Instructions for the task:
Please copy exactly the lines from the one containing "Hi, I'm Fred" to the end of the entries, both included, and nothing else. Omit every picture.

Data:

┄┄┄┄┄┄┄┄┄┄┄┄┄┄┄┄┄┄┄┄

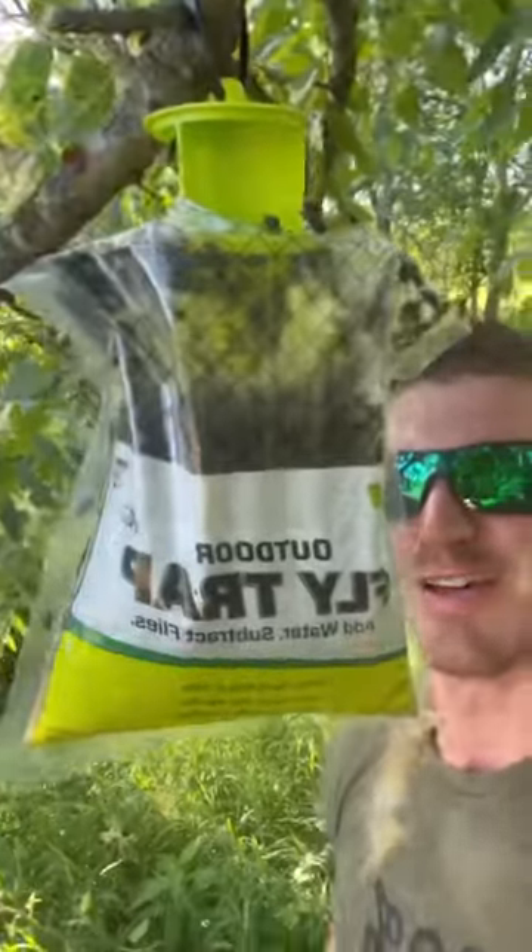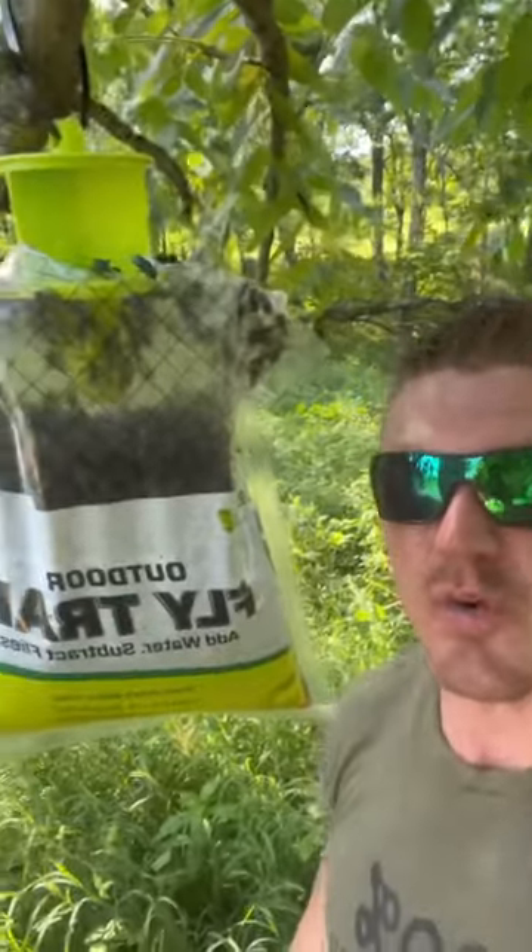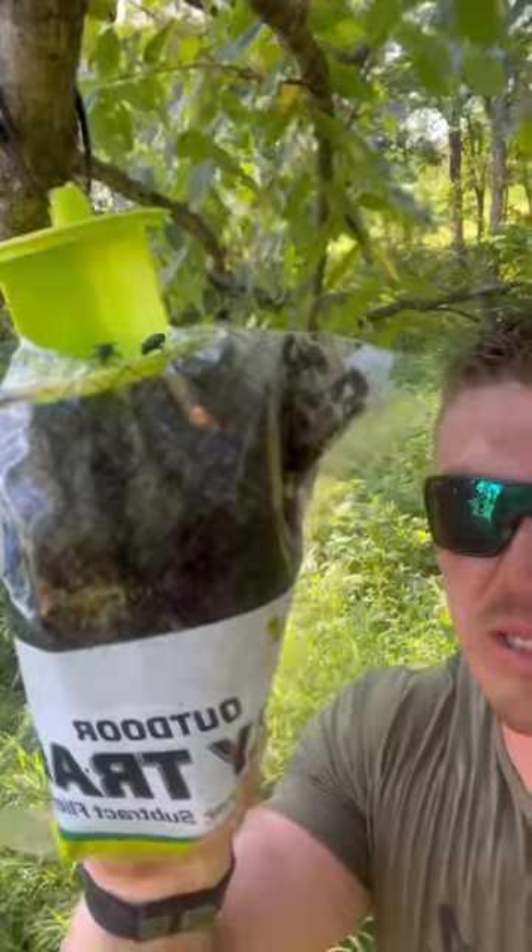Check this out — you can see this works incredibly well. It's completely full. This makes a huge difference. Put these by your mineral sites, put them by your feeding sites, wherever you can. This keeps the stress of the deer low.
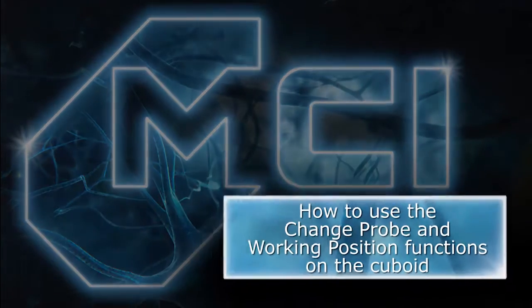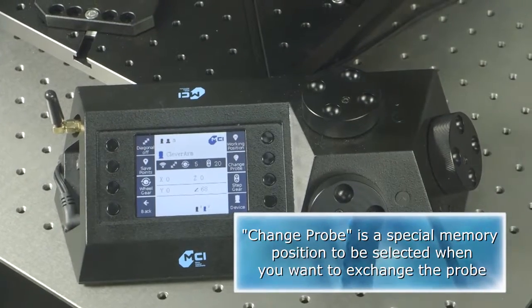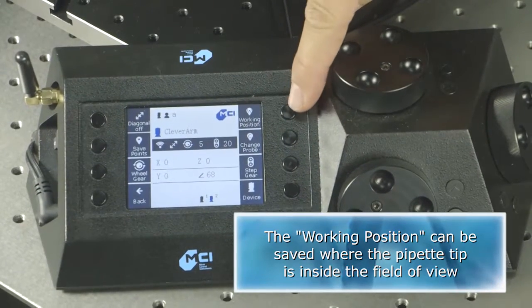How to use the change probe and working position functions on the cuboid. Change probe is the special memory position to be selected when you want to exchange the probe. The working position can be saved where the pipette tip is inside the field of view.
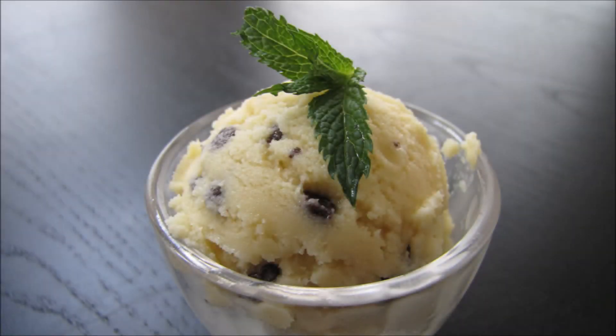And here we have it — mint chocolate chip ice cream. Sadly, this recipe didn't have enough of a mint flavor. A lot of it was drowned out by the buttermilk in the ice cream base recipe. I think this might become a recurring theme in the ice cream recipes, so I might have to adjust them to really get some strong flavor out.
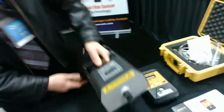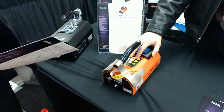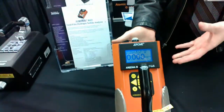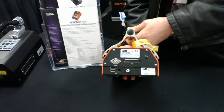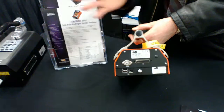Now these instruments are battery operated. This one has a 6-hour battery, and this one has a 17-hour battery. The advantage of this unit here is not only can it read much lower — everything is menu driven — but it's also got a USB flash drive in the back. So you can record your data, stick it in the thumb drive, and you're done.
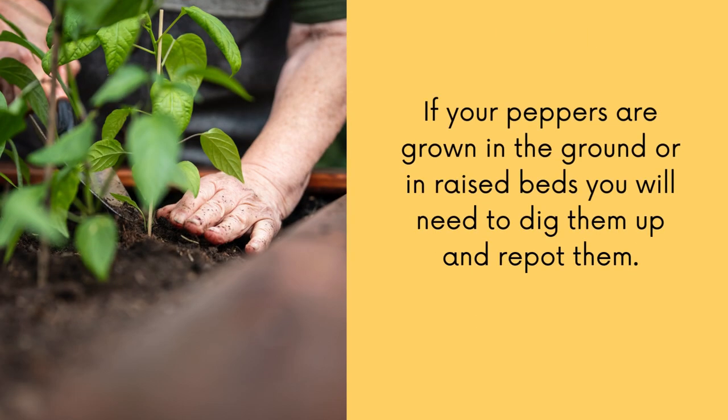It's important to know that if you have pepper plants growing in a raised bed or in the ground, you will need to dig them up. Just dig around, get as much of the root as possible, inspect your roots and clean them, then get a container, put fresh soil in, and repot the pepper plant. Once you're done repotting, you're then going to bring it indoors to encourage dormancy.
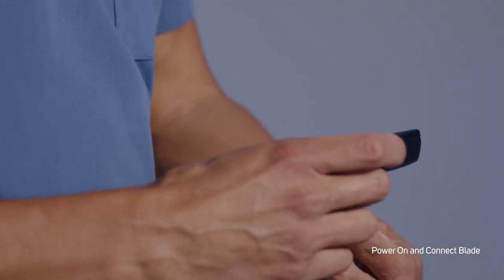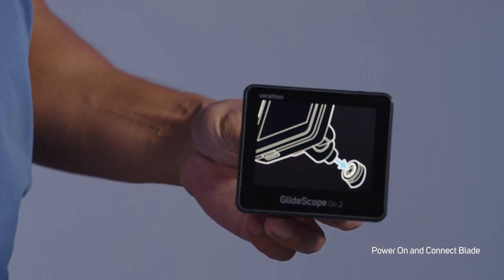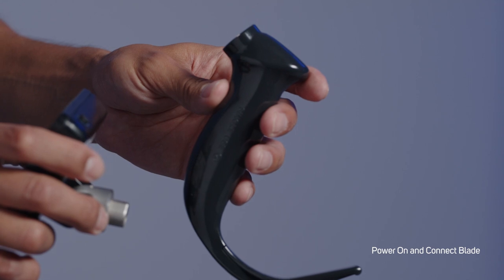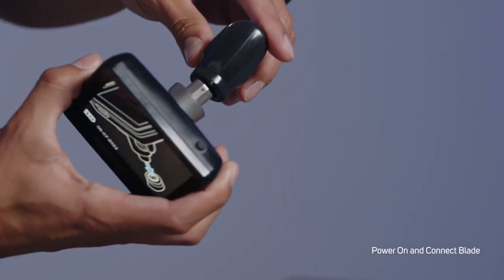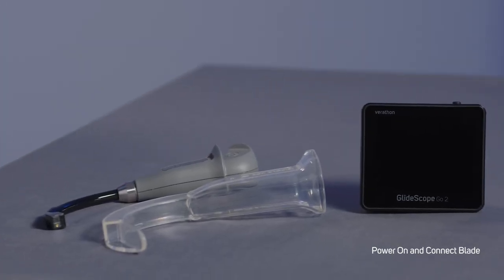Press the power button to turn on the device. The connection splash screen will appear showing that you need to connect a video laryngoscope. Choose your blade. I'm using a Spectrum QC Hyper-angulated S3 blade here. To connect, align the gray dots of the GlideScope Go 2 and the Spectrum QC blade. When aligned correctly, the two will magnetically connect. Video Baton QC Large and GVL Stats 3 and 4 are also compatible with Go 2.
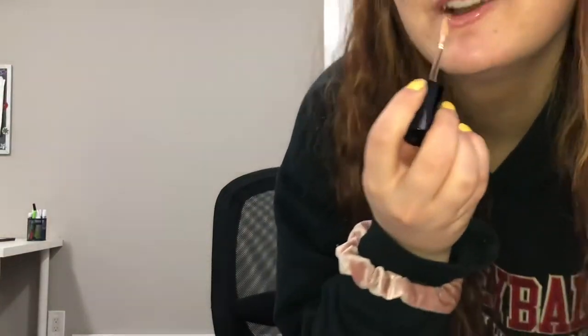Gotta get ready for my close-up. I just ate half of that. Just let you know, I'm fighting a cold right now. It sucks.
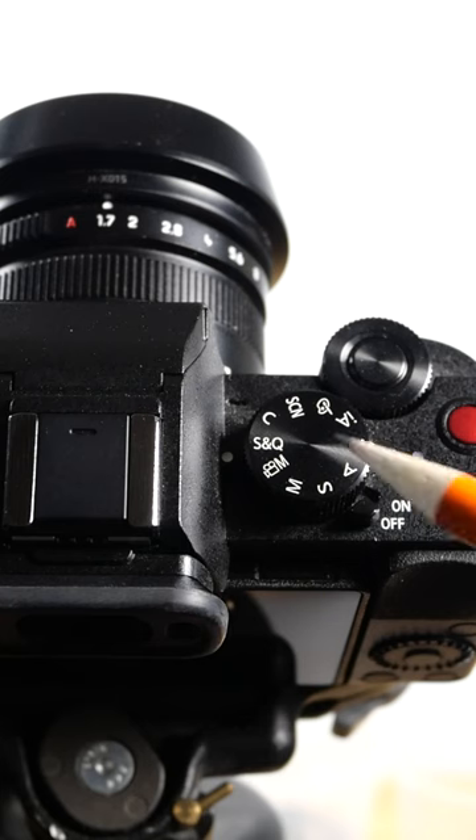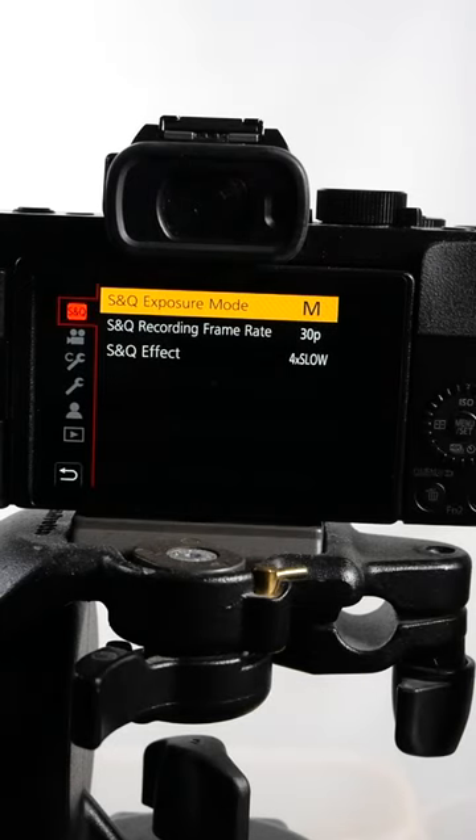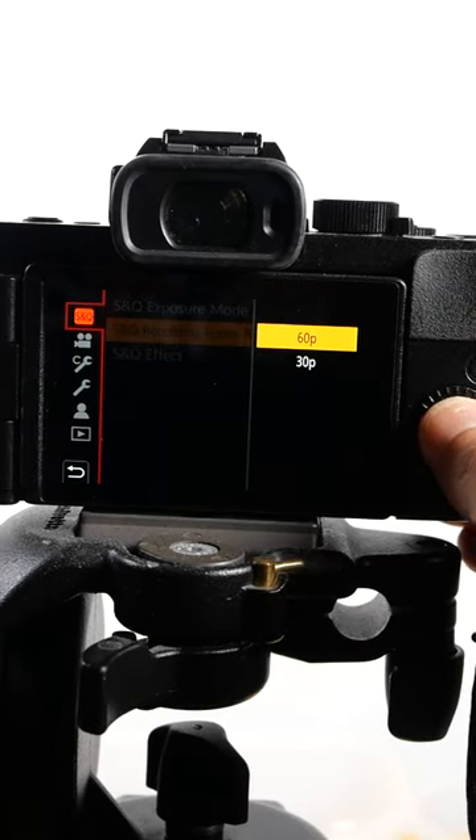Here's the setup. First, put your camera on slow and quick mode. Go into the slow and quick mode menu settings on the back of the camera. You can choose your exposure mode, you can choose your frame rate, and you can choose your effect. You can choose 30p or 60p.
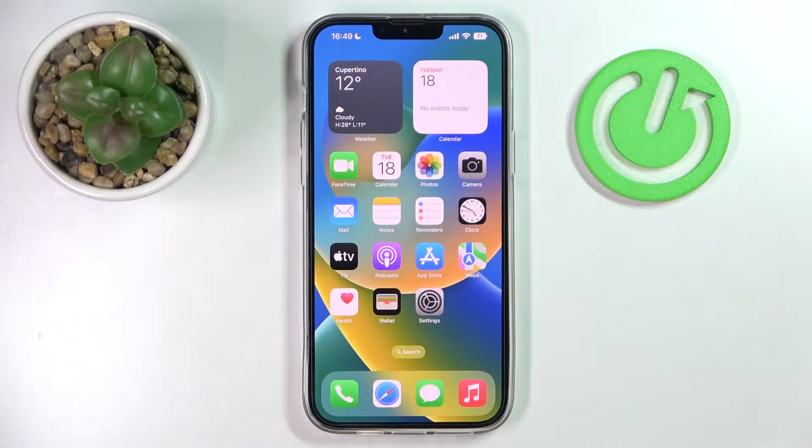This is the iPhone 14 Plus and today we would like to demonstrate how you can share the Wi-Fi network password on this device.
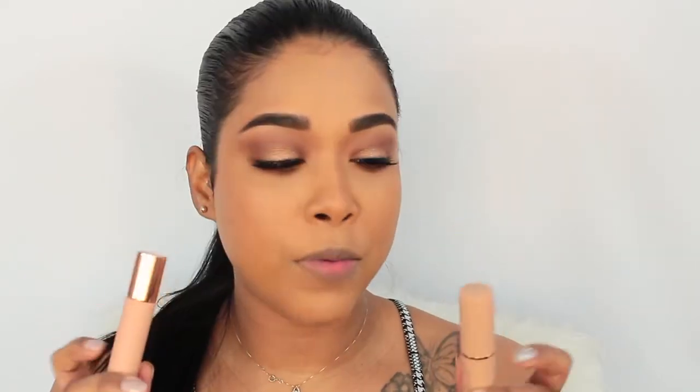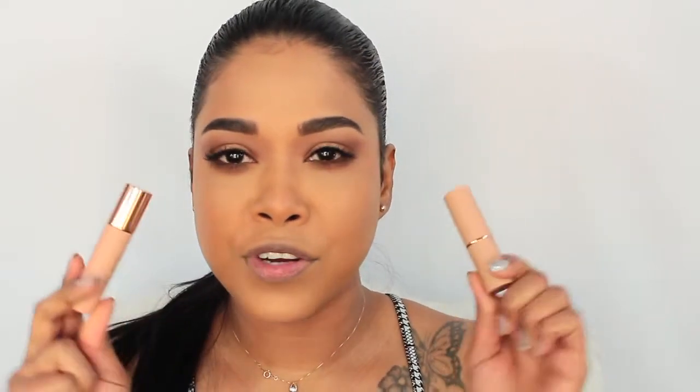The packaging is like rubberized — slightly rubberized — and I just freaking love the packaging. So let's get with the lip swatch.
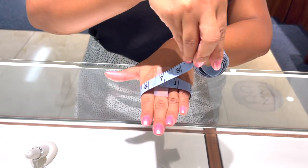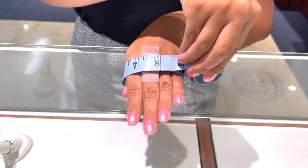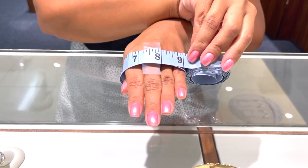Now I'm going to bring this around — and don't forget your thumb. And there it is, my size is seven and a half.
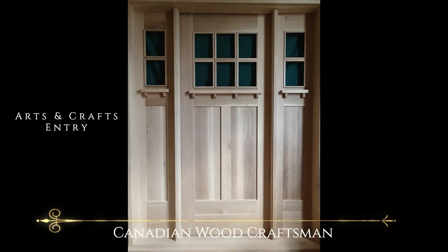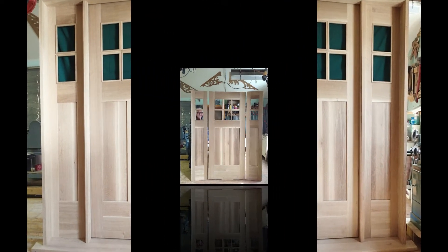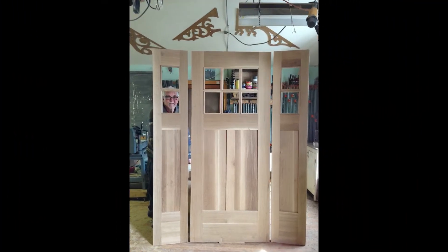Hi, I'm Fred Miller, Canadian Wood Craftsman. We're looking at an arts and crafts entry door with side lights made of quarter cut white oak.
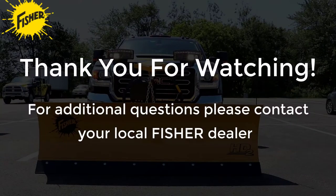Thank you for watching this video. For additional questions on detaching and attaching your Fisher snowplow, please contact your local Fisher dealer.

┄┄┄┄┄┄┄┄┄┄┄┄┄┄┄┄┄┄┄┄

Answer section:
Hi, I'm Fred Miller, Canadian Wood Craftsman. We're looking at an arts and crafts entry door with side lights made of quarter cut white oak.
Thank you for watching this video. For additional questions on detaching and attaching your Fisher snowplow, please contact your local Fisher dealer.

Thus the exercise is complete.